[Opening Collected data section]
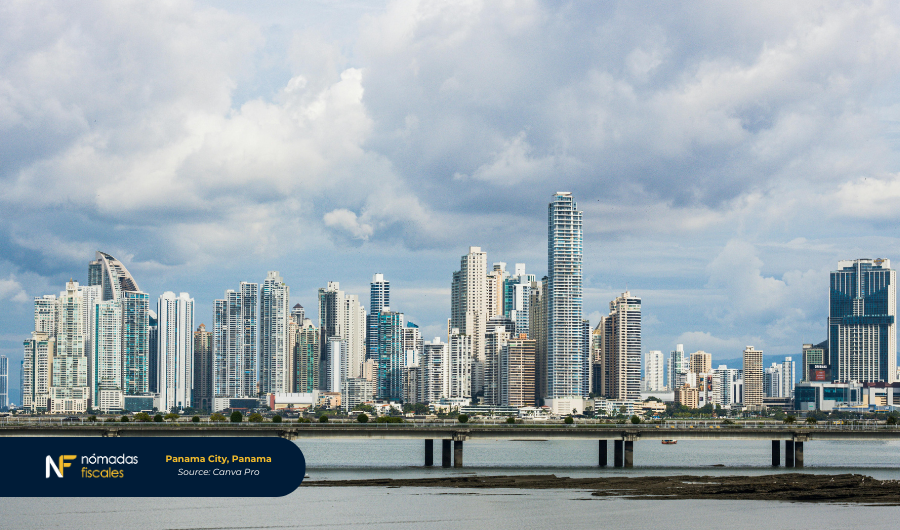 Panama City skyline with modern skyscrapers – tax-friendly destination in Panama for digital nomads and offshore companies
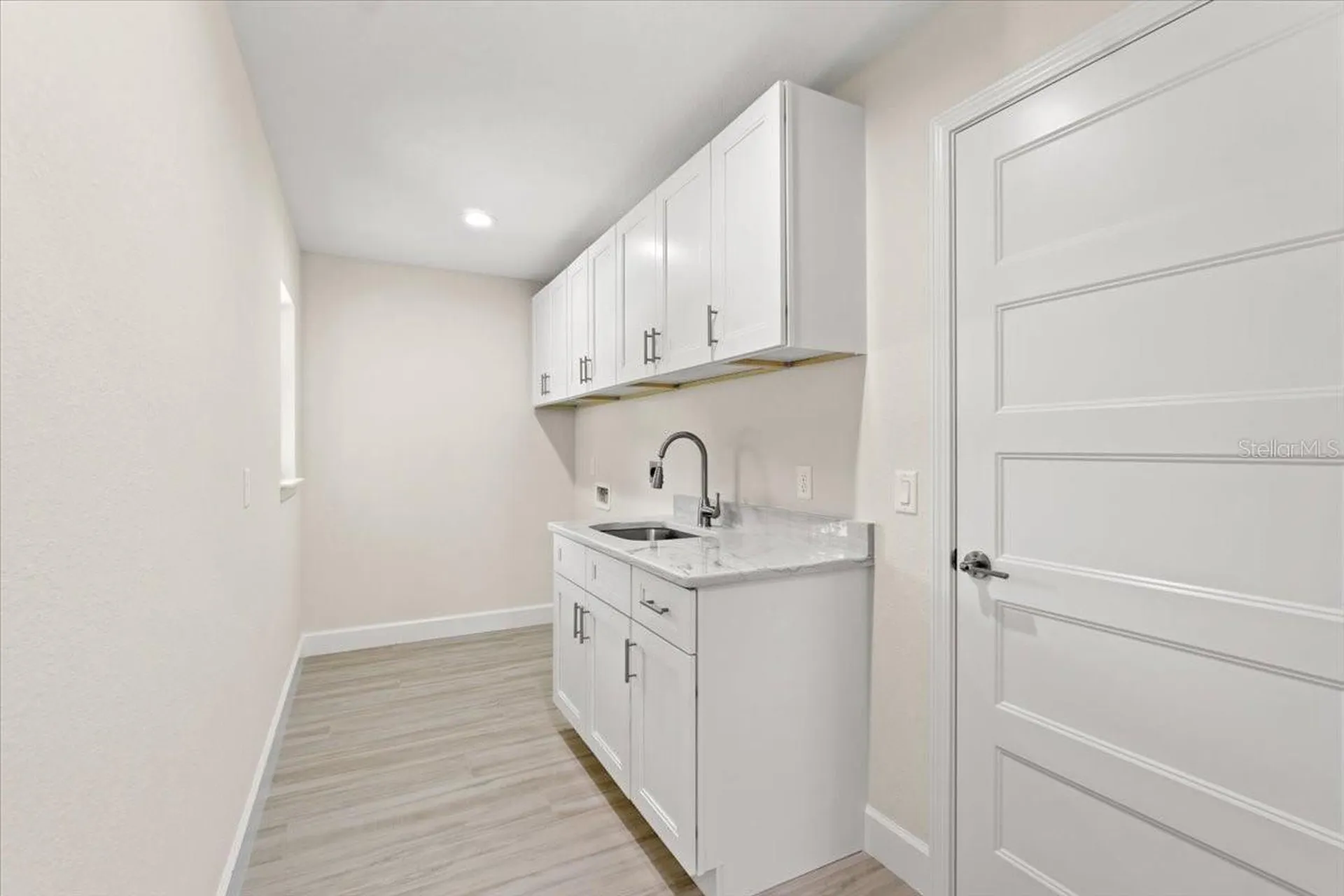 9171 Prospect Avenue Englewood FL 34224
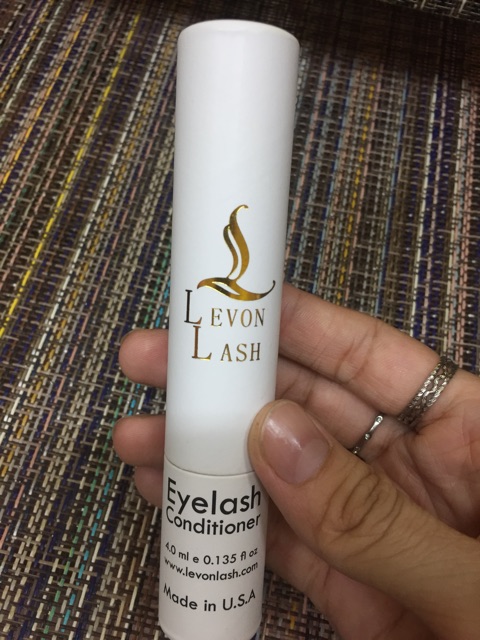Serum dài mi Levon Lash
[Closing Collected data section]
To do
Pictures are to be omitted; otherwise, write out the data exactly as it appears.

Finished exercise
 Panama City skyline with modern skyscrapers – tax-friendly destination in Panama for digital nomads and offshore companies
 9171 Prospect Avenue Englewood FL 34224
Serum dài mi Levon Lash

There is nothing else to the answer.